On Monday Prison Legal News filed an appeal at the 11th Circuit, asking the Atlanta-based court to review its claim that the Florida Department of Corrections violates the First Amendment by barring its distribution to state prison inmates.
It claims Florida's stated reason for barring the magazine is its ads for pen-pal services, three-way calling and postage stamps: items Florida calls "objectionable" enough to ban the entire magazine though the ads make up less than 10 percent of its content.
The group says the Florida prisons' "wildly exaggerated" response to its ads came three years after Prison Legal News thought the issue had been settled. It sued Florida after the state prisons began censoring the journal in 2003.
That case was dismissed when the FDOC amended its policy in 2006 to state that the magazine "would not be rejected for advertising content so long as those ads are merely incidental to, rather than being the focus of, the publication."

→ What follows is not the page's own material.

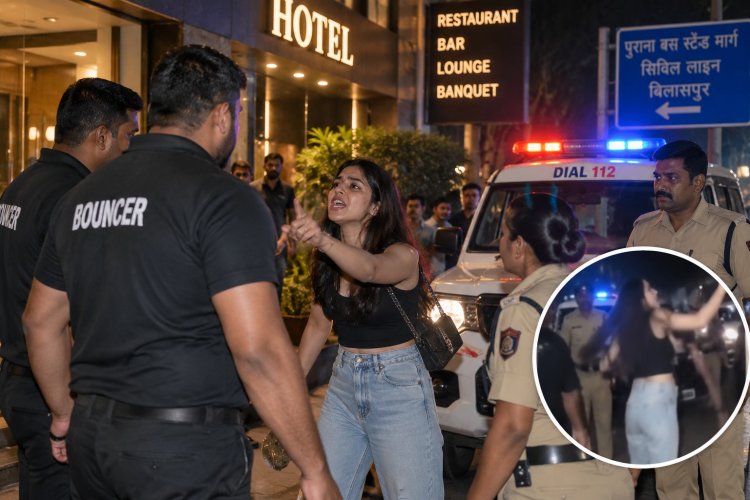 होटल के बाहर युवती का हंगामा : बाउंसरों ने होटल से बाहर निकाला, डायल 112 और पुलिस पेट्रोलिंग टीम मौके पर पहुंची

But in 2009 Florida "abruptly changed course" and began prohibiting the magazine again, according to the appeal.
Prison Legal News calls Florida a "national outlier" - the only prisons that confiscate the magazine sight unseen and refuse to deliver it to subscribers, allegedly because of its advertisements.
"There is simply no logical fit between the FDOC's renewed censorial zeal and the current evidence that would justify its alone-in-the-nation censorship of a publication uniquely focused on the plights and rights of prisoners," Prison Legal News said in the appeal.
It says it needs the paid ads to support its constitutionally protected speech, which includes "news and analysis of legal developments primarily affecting incarcerated people ... as well as political commentary largely critical of the prison system."
"Through its publications, PLN teaches inmates their rights and informs them of unconstitutional prison practices. With this knowledge inmates become another check to government encroachment on constitutional rights," according to its 82-page appeal.
The state censorship has driven down its circulation in Florida from 300 in 2009, when the ban began, to "60 or 70 at the time of trial," according to the appeal. The nonprofit says it cannot afford to publish a Florida-only edition of the magazine.
A federal court in Tallahassee ruled for the state in October, finding that the prisons' "expansive censorship of PLN was logically connected to its security concerns," based on fears that ads for three-way calling services could allow prisoners to mask "the true identity and location of a call recipient."
But the court found that the FDOC had violated due process in censoring the journal. Corrections officials "failed to provide adequate notice" that the magazine was being pulled "a shocking 87 percent of the time" it was mailed to state prisons, and the notice they did provide was "often insufficient to explain the basis for impoundment," PLN said in the appeal.
It asked the 11th Circuit to reverse the denial of its First Amendment claim, and to "expand its due process ruling" by providing notice of each prisoner who is barred from reading the magazine.
Former U.S. Solicitor General Paul Clement, with Bancroft PLLC of Washington, D.C., filed the appeal, with assistance from Human Rights Defense Center attorneys in Lake Worth, Fla., the Florida Justice Institute and the ACLU, both of Miami.
The Florida Department of Corrections declined to comment.